I was previously a Lecturer in the Department of International Politics at City, University of London and held postdoctoral fellowships at Dartmouth College and the Massachusetts Institute of Technology. I received my Ph.D. in Politics from Princeton University in 2014.
My research addresses issues in alliance politics, nuclear strategy, and theories of war, and has appeared in International Security, International Studies Quarterly, International Affairs, and elsewhere. My books include Atomic Assurance: The Alliance Politics of Nuclear Proliferation (Cornell, 2018) and Military Alliances in the Twenty-First Century (Polity, 2022). I have done work on East Asia but Europe is my primary regional focus, with special emphasis on Central and Northeastern Europe. I have two places that I consider home: Windsor-Detroit and Krakow, Poland.

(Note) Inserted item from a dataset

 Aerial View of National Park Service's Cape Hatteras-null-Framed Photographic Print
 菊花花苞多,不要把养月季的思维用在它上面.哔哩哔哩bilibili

On this website, you will find information about my books, monographs, and published articles as well as information on my academic research, teaching, and commentary.
Latest Publications
LATEST NEWS
NEW EJIS ARTICLE
18 OCTOBER 2024
Maria Snegovaya (CSIS) and I published a new article in the European Journal of International Security that conceptualizes revanchism and explains Russia's revanchism in reference to deep elite continuity despite its post-Soviet communist transition. Open access.
GLOBSEC REPORT
18 SEPTEMBER 2024
My GLOBSEC report on multi-domain operations and NATO's Eastern Flank is finally available online. You may access it here. In it, I assess how original MDO threat assessments have held up, determine how local allies consider MDO, and what they can do in their defence plans going forward.
What I am reading now
Each time I read a book by Richard Overy I am in awe of how much he knows and how little I know. Though not an easy read at about 900 pages, Blood and Ruins is a magisterial analysis of the Second World War that offers a provocative, yet compelling thesis about it being imperial.